Take the line that contains "Used DS 6 2014" and every line below it to the end of the entries, and give them again exactly, leaving out any pictures.

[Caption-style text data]

<<<<

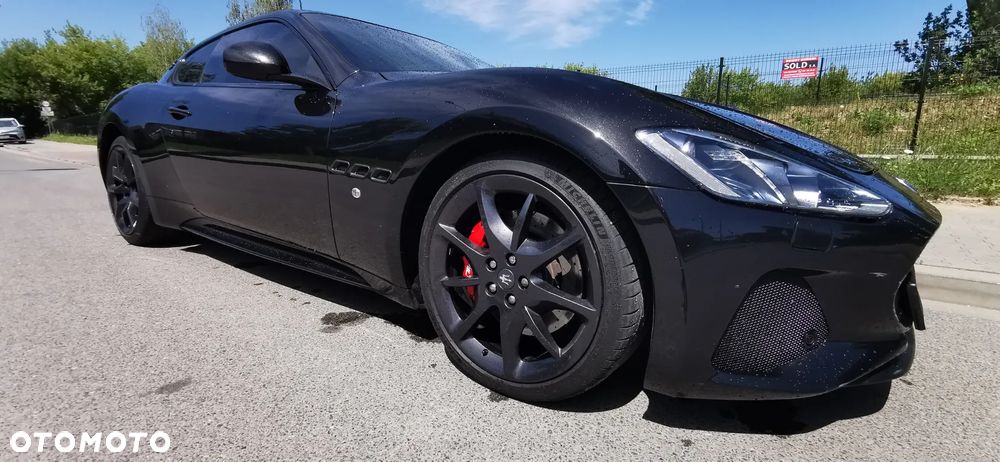 Maserati GranTurismo S Automat - 5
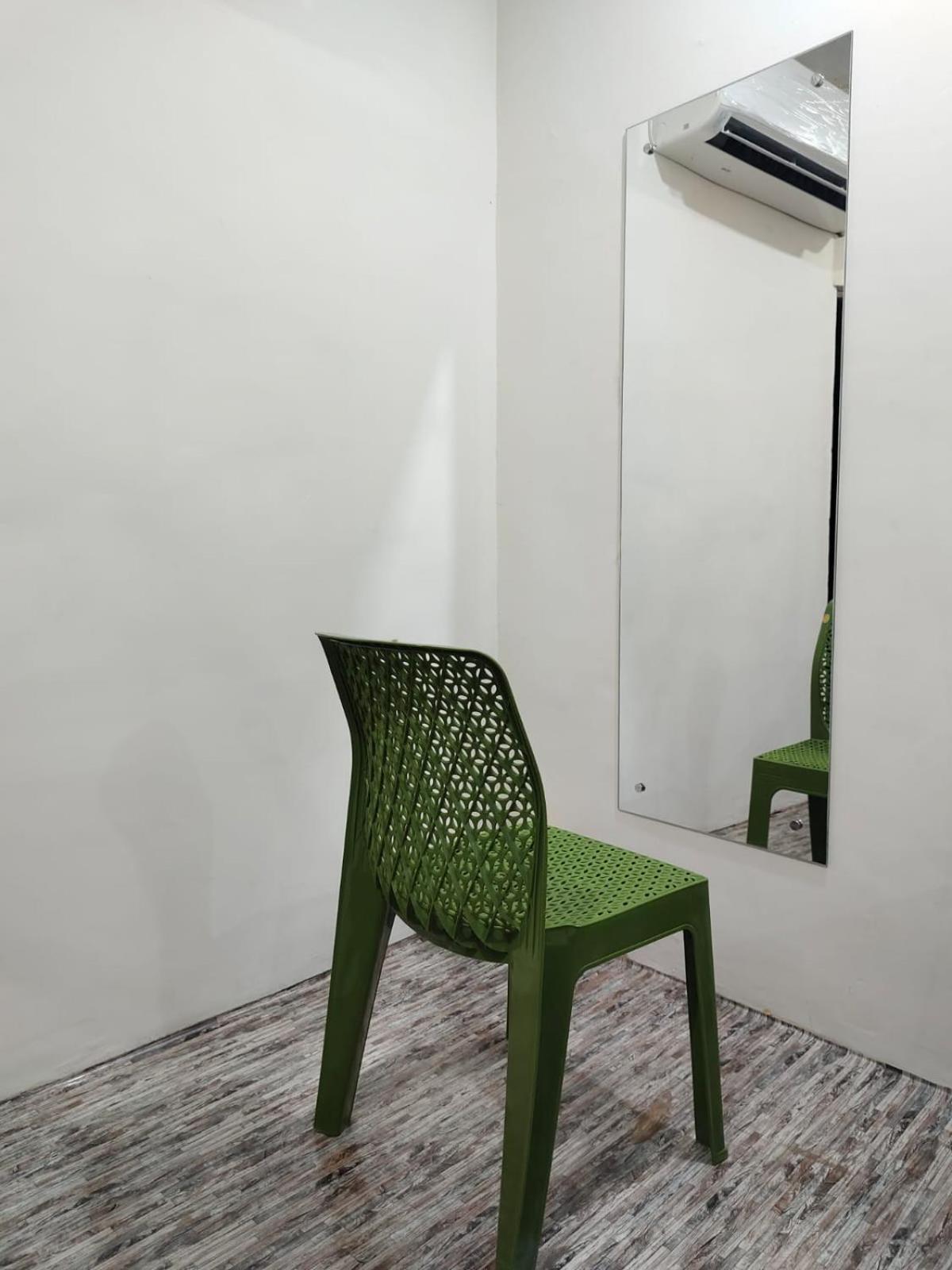 Hotel Crystal Dreams Mathura Bagian luar foto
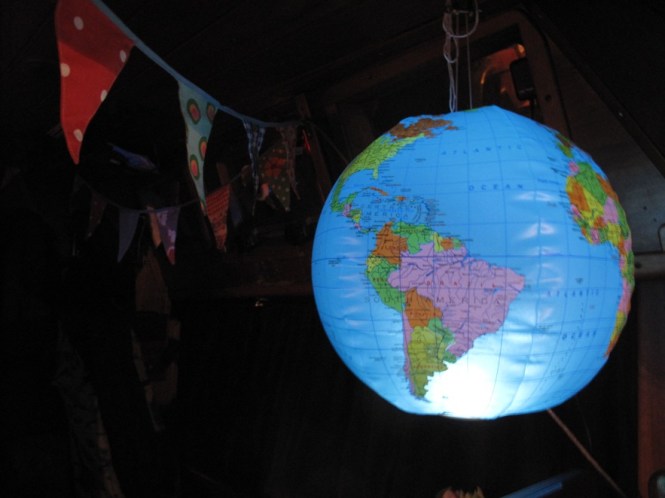 Uppblåsbar jordglob ombord på Mary af Rövarhamn.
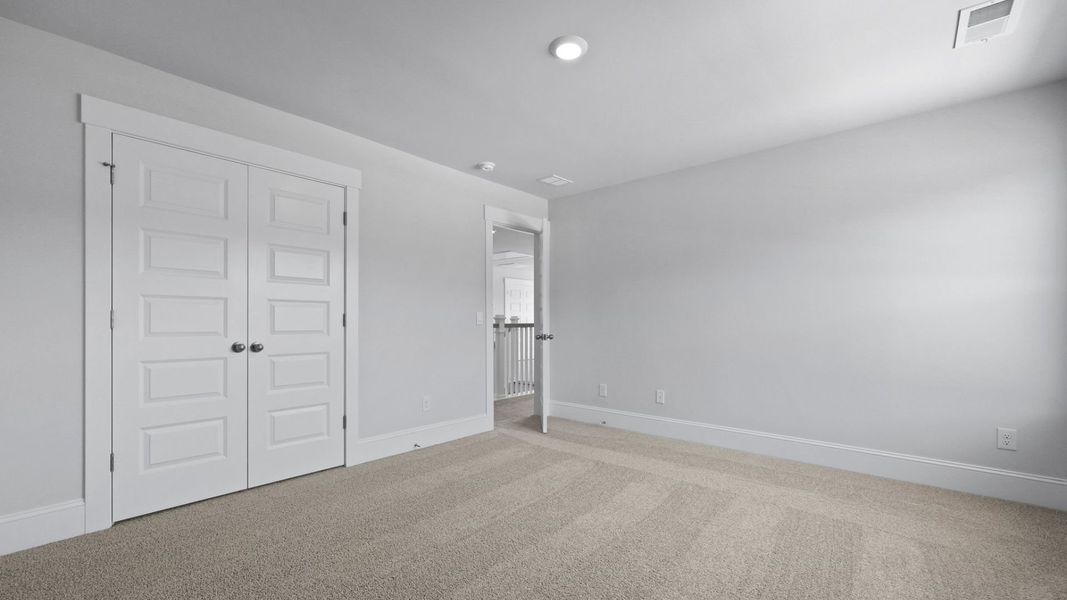 Representative unfurnished interior of a home built from the HARBOR OAK by D.R. Horton in Berkeley Bay, Ridgeville (Image 38). Representative unfurnished interior of a home built from the HARBOR OAK by D.R. Horton in Berkeley Bay, Ridgeville (Image 38).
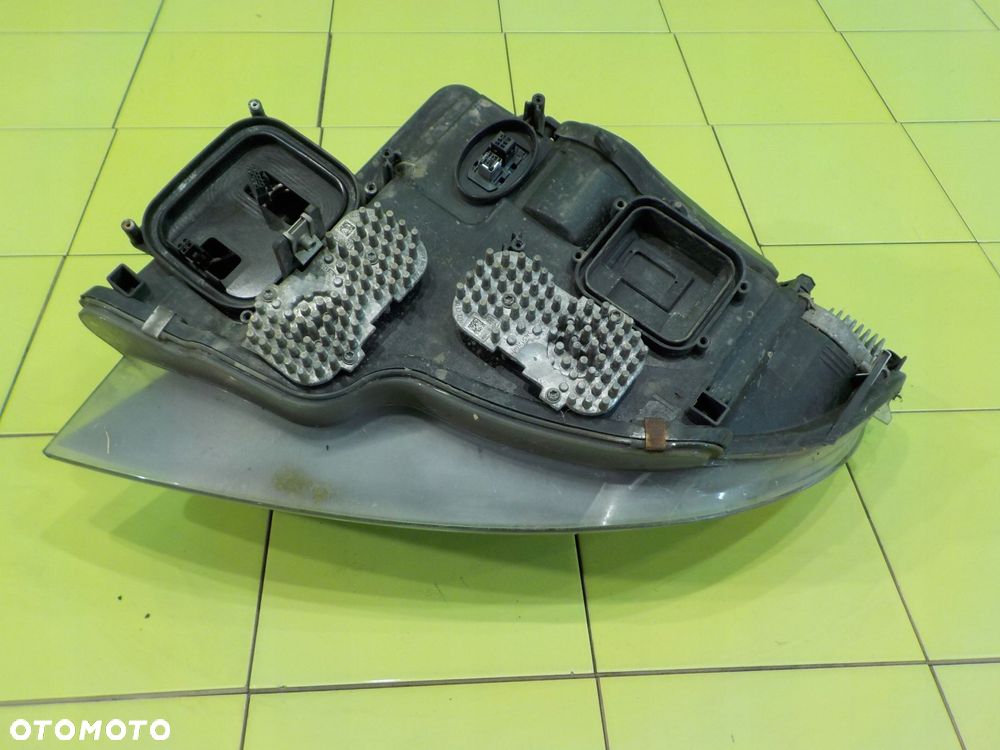 BMW 3 E92 LIFT 2.0 D 10r 2D COUPE XENON lampa prawa przod 7239930-06 - 3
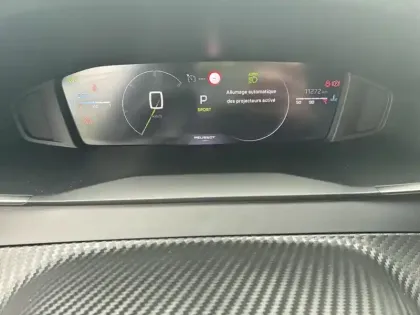 Photo 20 Peugeot 208  Allure Hybrid 110 ch e-DCS6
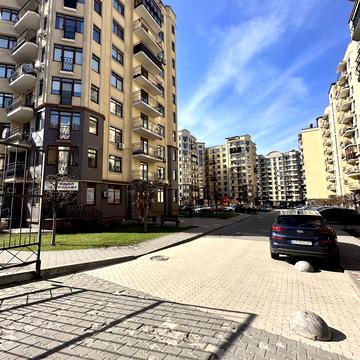 Західна вул., 6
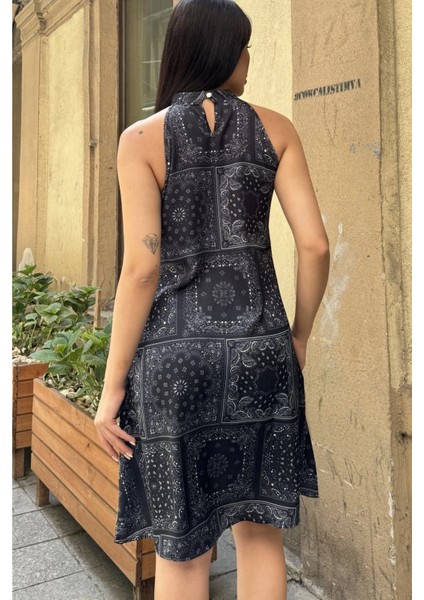 Kadın Siyah Halter Yaka, A Kesim, Etnik Desenli, Gizli Cepli, Salaş Saten Elbise indirimleri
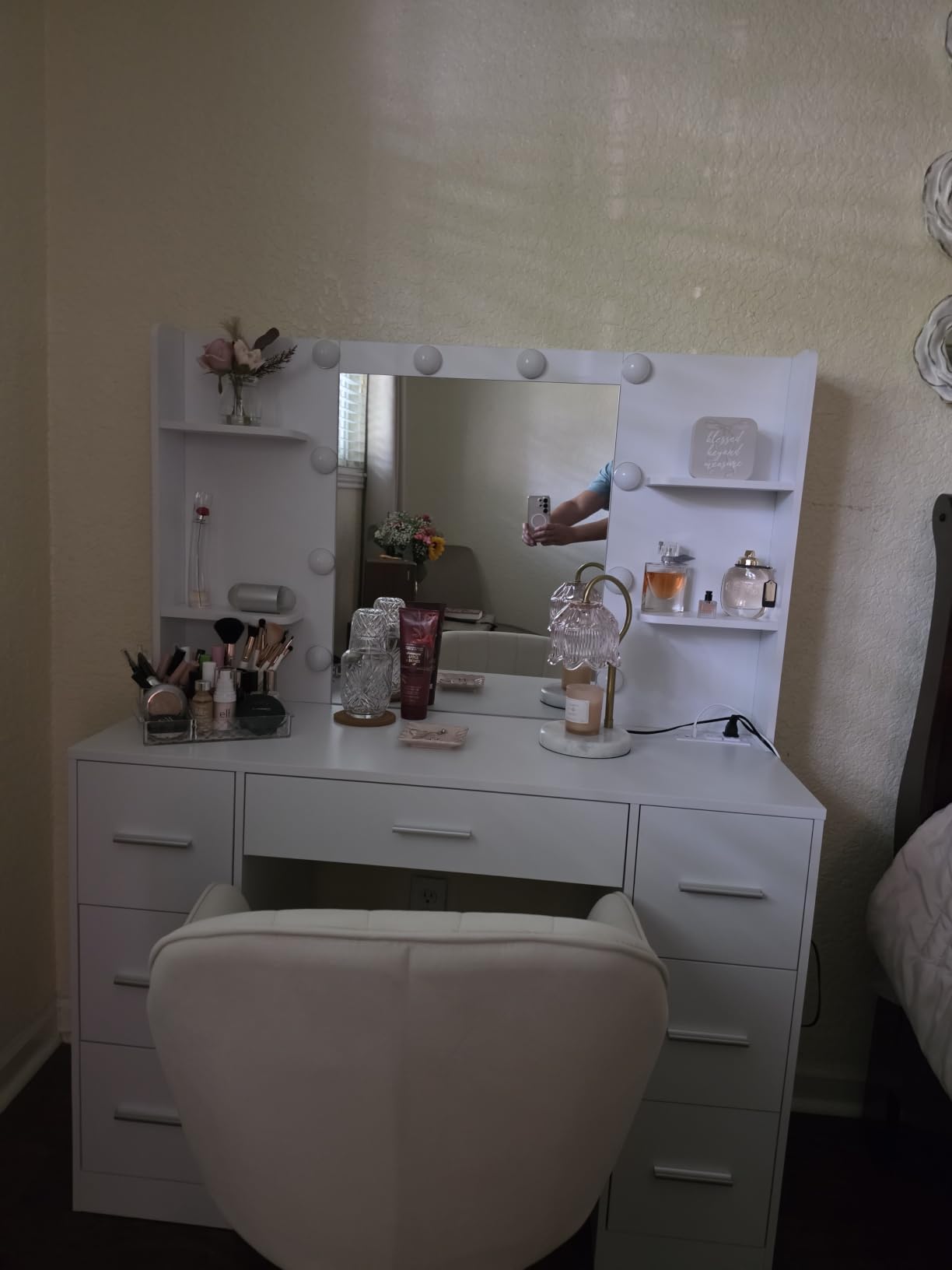 Quimoo Large Vanity Desk with LED Lighted Mirror & Power Outlet, Makeup Vanity Table with 7 Drawers, 4 Shelves and 5 Hooks, Vanity Table, Vanity Desk Set for Bedroom, Bathroom, White customer photo 2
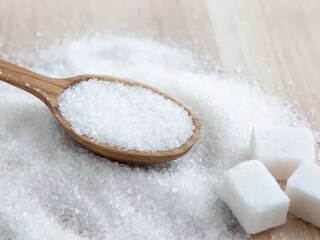 पदार्थांवर प्रक्रिया करताना अतिरिक्त साखर अॅड केली जाते. निरोगी राहण्यासाठी, तुम्ही तुमच्या आहारात साखरेचे प्रमाण कमी केलं पाहिजे. 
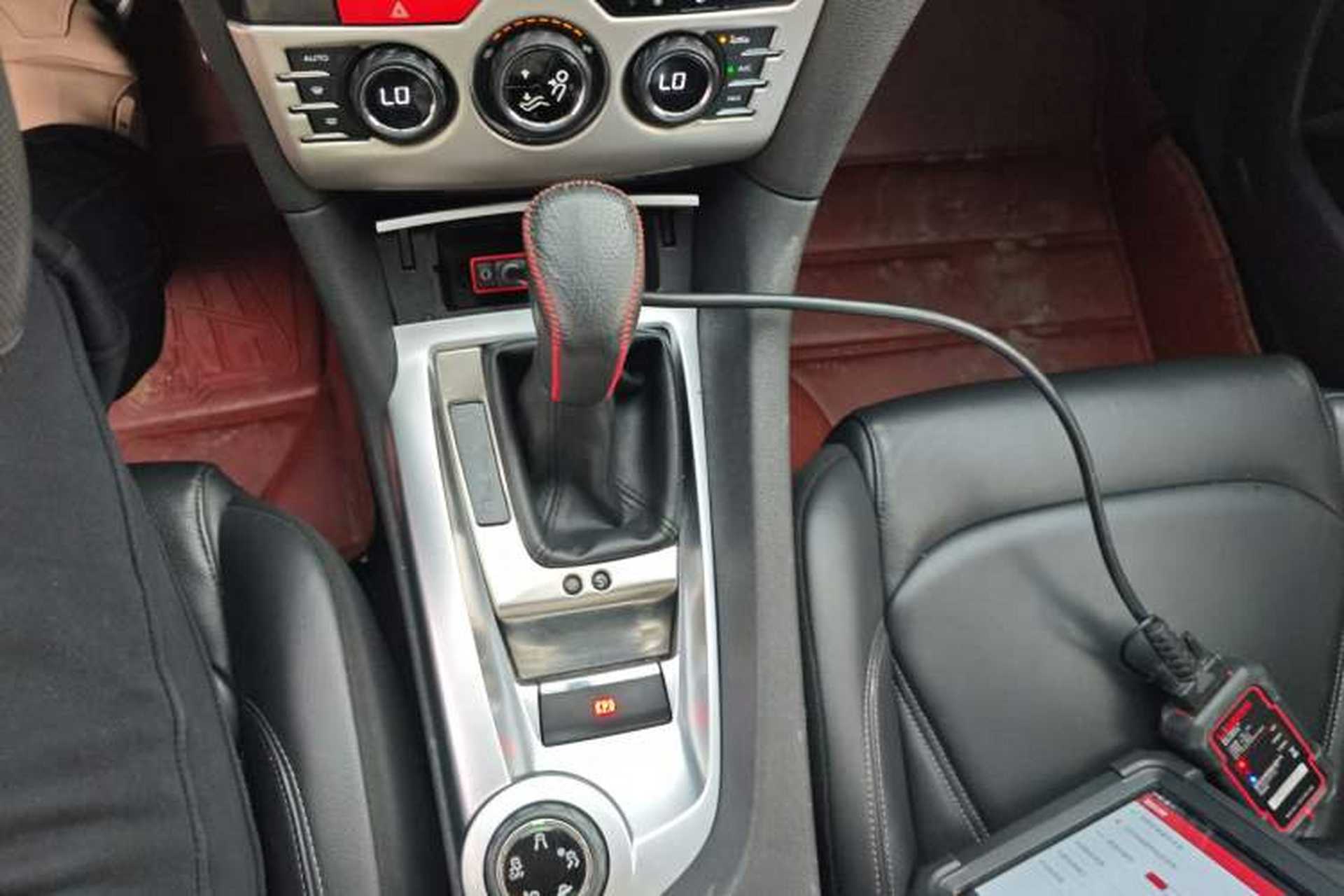 Used DS 6 2014 1.6T Luxury Edition THP160 Gear Lever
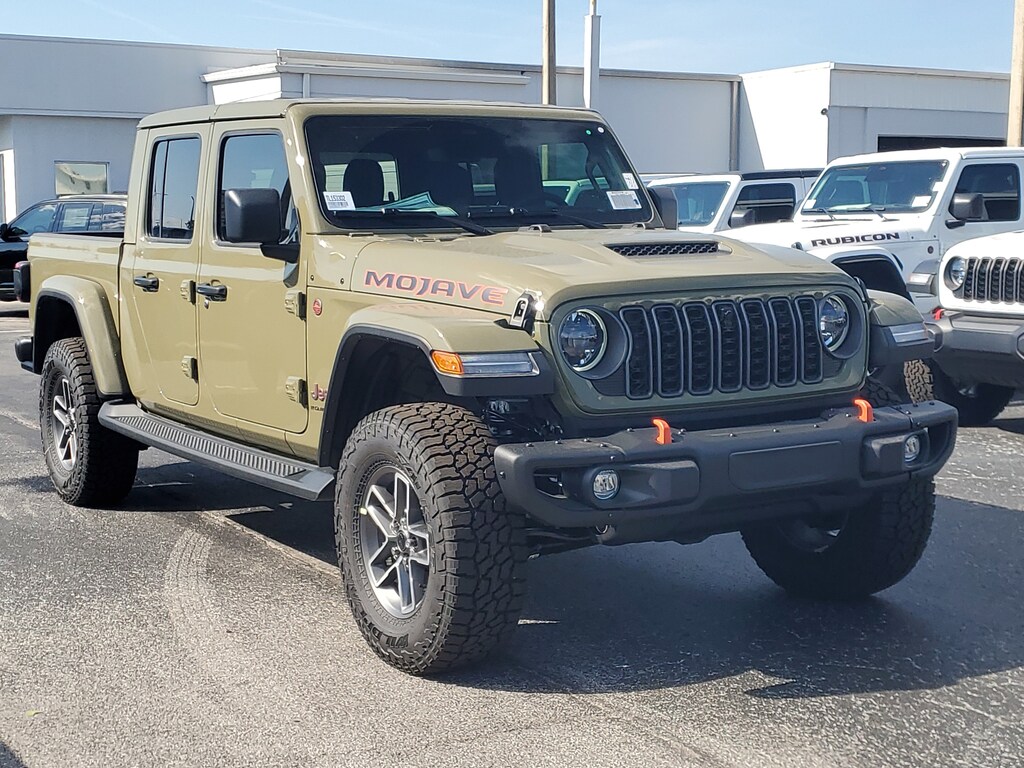 New 2026 Jeep Gladiator Mojave Pickup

>>>>

#### Exercise output
 Used DS 6 2014 1.6T Luxury Edition THP160 Gear Lever
 New 2026 Jeep Gladiator Mojave Pickup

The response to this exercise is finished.